Just to give some background ... The first time I tried it ...it worked but
then when i went back later and tested it again ...and it was only working
intermittently... that lead me to believe either there was a problem on how
i was posting the request or a solr issue..
Based on your suggestion about using httpclient I just tried posting a
request directly to shard and it works
curl http://solrserver:8983/solr/test_shardaa_replica1/update/json/ -H
'Content-type:application/json/docs' -d '{
"delete": {"id":"aa:1112312:444"}
}'
Thanks
Jay
On Wed, May 23, 2018 at 9:03 PM Erick Erickson <er...@gmail.com>
wrote:
> Hmmm, this looks like https://issues.apache.org/jira/browse/SOLR-8889?

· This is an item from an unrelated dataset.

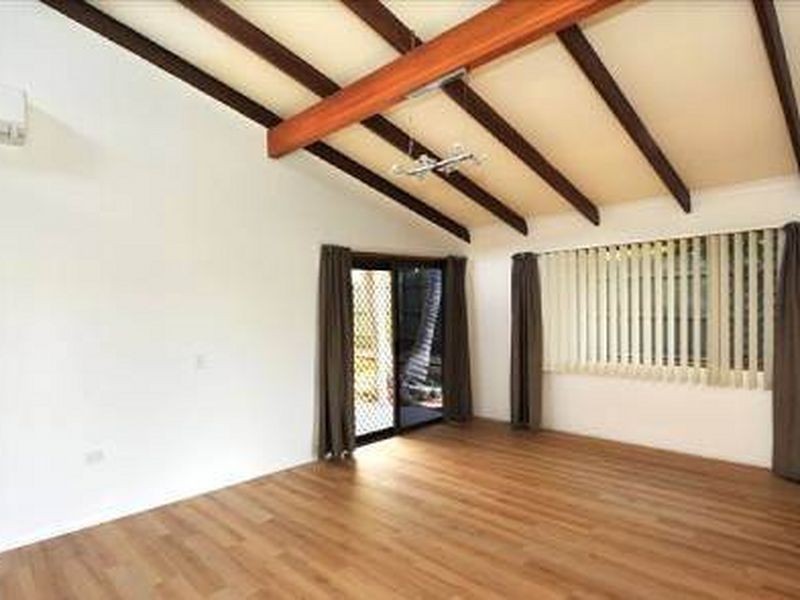 10 Zoe Court, Centenary Heights QLD 4350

> And are you the "Jay" who commented there?
>
> On Wed, May 23, 2018 at 11:28 PM, Erick Erickson
> <er...@gmail.com> wrote:
> > Tell us some more about your setup, particularly:
> > - you mention routing key. Is the collection used with implicit
> > routing or compositeID?
> > - What does adding &debug=query show?
> > - I'm not entirely sure, frankly, how delete by id and having a
> > different routing field play together. The supposition behind
> > deleteById is that the deletions can be routed to the correct leader
> > by hashing on the id field.
> >
> > Best,
> > Erick
> >
> > On Wed, May 23, 2018 at 6:02 PM, Jay Potharaju <js...@gmail.com>
> wrote:
> >> Thanks Emir & Shawn for chiming in!.

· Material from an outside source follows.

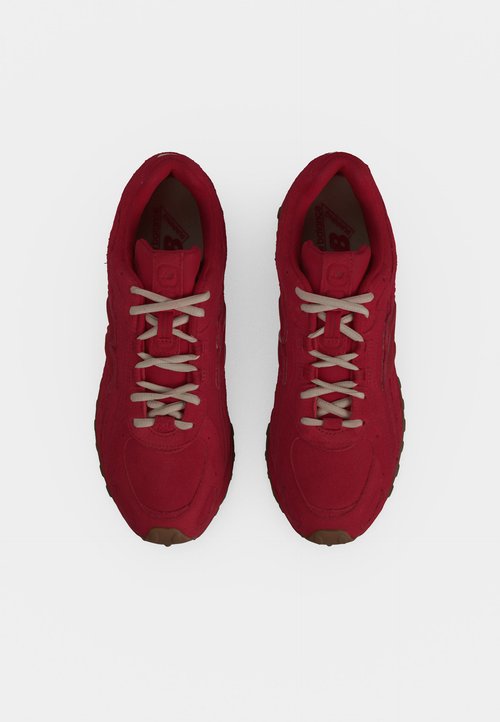 New Balance U204L UNISEX - Trainers - red — foto 5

> >> I am testing deleteById in solr6.6.3 and it does not seem to work. I
> have a
> >> 6 shards in my collection and when sending query to solr a routing key
> is
> >> also passed. Also tested this in solr 5.3 also, with same results.

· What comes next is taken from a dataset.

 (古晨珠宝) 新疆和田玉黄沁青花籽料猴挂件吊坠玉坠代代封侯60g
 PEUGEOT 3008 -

> >> Any suggestions why that would be happening?
> >>
> >> Thanks
> >> Jay
> >>
> >>
> >>
> >> On Wed, May 23, 2018 at 1:26 AM Emir Arnautović <
> >> emir.arnautovic@sematext.com> wrote:
> >>
> >>> Hi Jay,
> >>> Solr does not handle it differently from any other DBQ. It will show
> less
> >>> issues then some other DBQ because affects less documents but the
> mechanics
> >>> of DBQ is the same and does not play well with concurrent changes of
> index
> >>> (merges/updates) especially in SolrCloud mode. Here are some thoughts
> on
> >>> DBQ: http://www.od-bits.com/2018/03/dbq-or-delete-by-query.html <
> >>> http://www.od-bits.com/2018/03/dbq-or-delete-by-query.html>
> >>>
> >>> Thanks,
> >>> Emir
> >>> --
> >>> Monitoring - Log Management - Alerting - Anomaly Detection
> >>> Solr & Elasticsearch Consulting Support Training -
> http://sematext.com/
> >>>
> >>>
> >>>
> >>> > On 23 May 2018, at 02:35, Jay Potharaju <js...@gmail.com>
> wrote:
> >>> >
> >>> > Hi,
> >>> > I have a quick question about deletebyQuery vs deleteById. When using
> >>> > deleteByQuery, if query is id:123 is that same as deleteById in
> terms of
> >>> > performance.
> >>> >
> >>> >
> >>> > Thanks
> >>> > Jay
> >>>
> >>>
>
Re: deletebyQuery vs deletebyId
Posted by Erick Erickson <er...@gmail.com>.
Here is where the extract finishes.